Across the street from my hotel, there is a load speaker attached to a telephone poll. It looks like part of the communist-era public address system that was in place in the small Czech town where a lived as an exchange student, back in high school. Except that whereas the system in the Czech republic used to spurt out propaganda, and by the time I arrived, merely announced events at the local community centre, the one across the street from my hotel here in Senegal is used for more sacred purposes.

On Thursday at about 8PM, it began screaming a lilting chant, reminiscent of the call to prayer that wakes me briefly each morning, but more melodic. I stopped and asked a passer-by what it was. An evening call to prayer, perhaps? The words of the Koran? “No,” he explained, “it’s very old sacred poetry” particular to Mourdisme, Senegal’s largest and one of its oldest muslim brotherhoods.

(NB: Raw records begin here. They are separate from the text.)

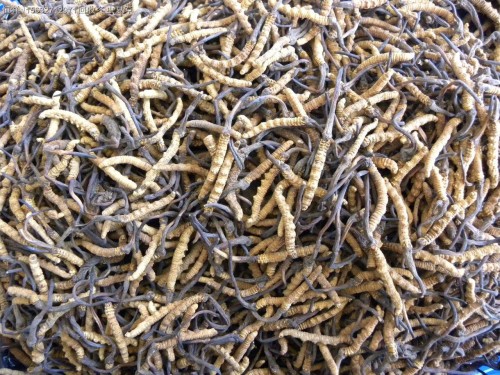 海口收虫草价格18611557770海口哪里回收冬虫夏草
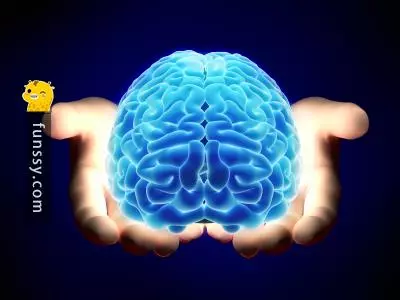 為什麼我們需要睡覺? 「5個科學家至今也無法解釋的人體奧秘!」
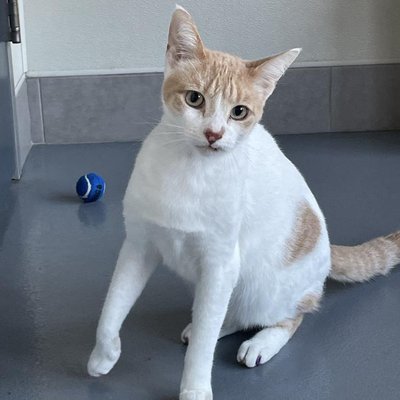 Bruno (PetFinder)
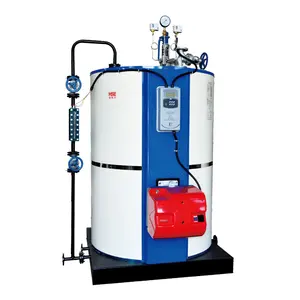 Verticale Gas-Of Dieselgestookte Mini-Ketel 100 500 Kg Stoomketel Industriële Stoomketel Kleine Gasstoomgenerator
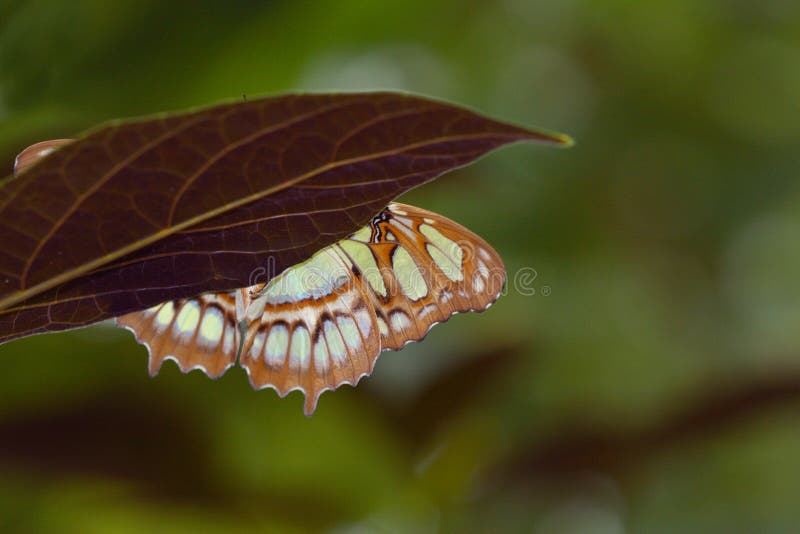Giocando pellame - e - ricerca: Farfalla della malachite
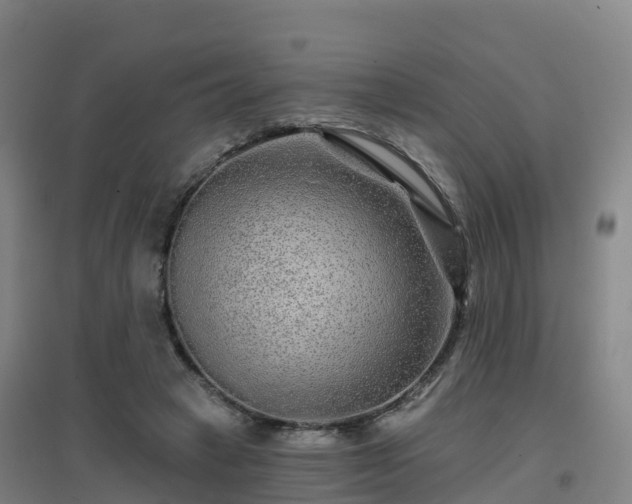 X0000096710449200802121229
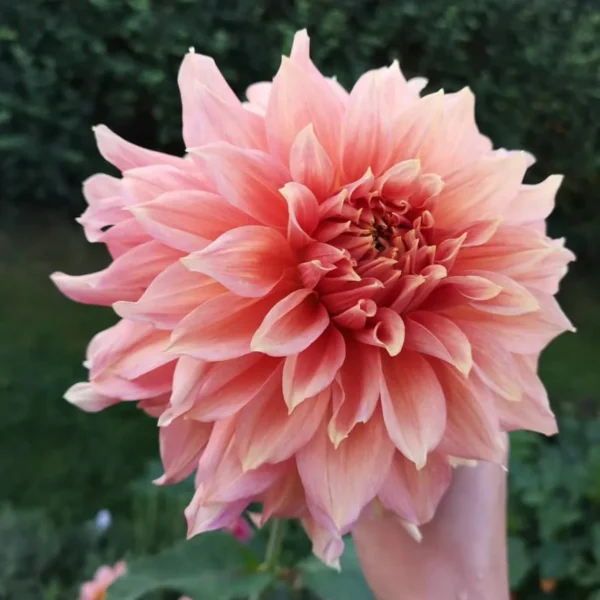 Dália › Fairway Spur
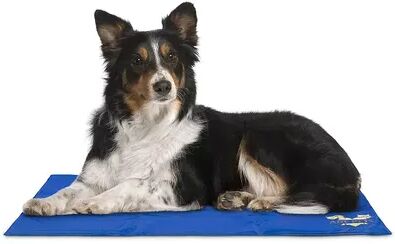 Arf Pets Self Cooling Mat For Dogs, Pet Beds For Pets 32x38, Blue, Medium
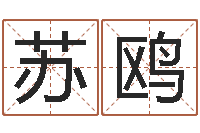 苏鸥改命盒-虎年宝宝名字命格大全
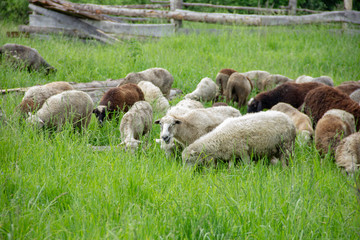 Lambs eat grass in the meadow. Lambs pasture. sheep in the countryside walk.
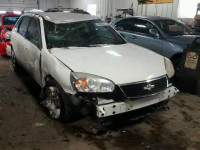 2007 CHEVROLET MALIBU MAX 1G1ZT68N87F129847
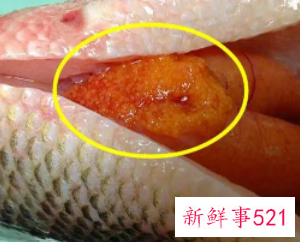 吃鱼籽的好处和坏处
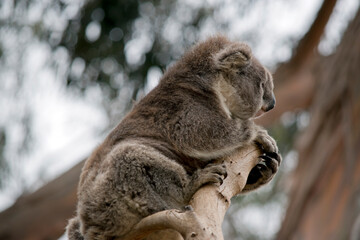 the koala is at the top of the tree, the koala is a marsupial with a big black nose and fluffy ears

The chant was beautiful, but amplified to such an extent that it became distorted and strained. To my ears, frankly, it was, frankly, grating. Irritating. But then, at about 9PM, the power cut out, and the loud speaker was silenced. That’s when I heard the voices, chanting in unison, the same poems that the speaker was broadcasting moments earlier. I headed outside to investigate. About 25 men were seated on several prayer matts pushed together in the middle of an ally, huddled around several candles. At first, I watched from a distance. More men came and joined the group. I stopped one to ask if it was all right that I was listening — it wasn’t disrespectful, or otherwise offensive, was it? “Of course not,” he answered. “In fact, come join us, please!” So I did. I took off my shoes and socks, and took a seat on the mats. More men streamed in, and before long, I was in the middle of a group of at least one hundred people. Only the men in the centre chanted. The rest just sat, listening with me, occasionally snapping their fingers in rhythm to the chant, filling the gaps as the men took a breath. It was a powerful, beautiful experience, and a potent reminder of the important role faith plays in so many people’s lives.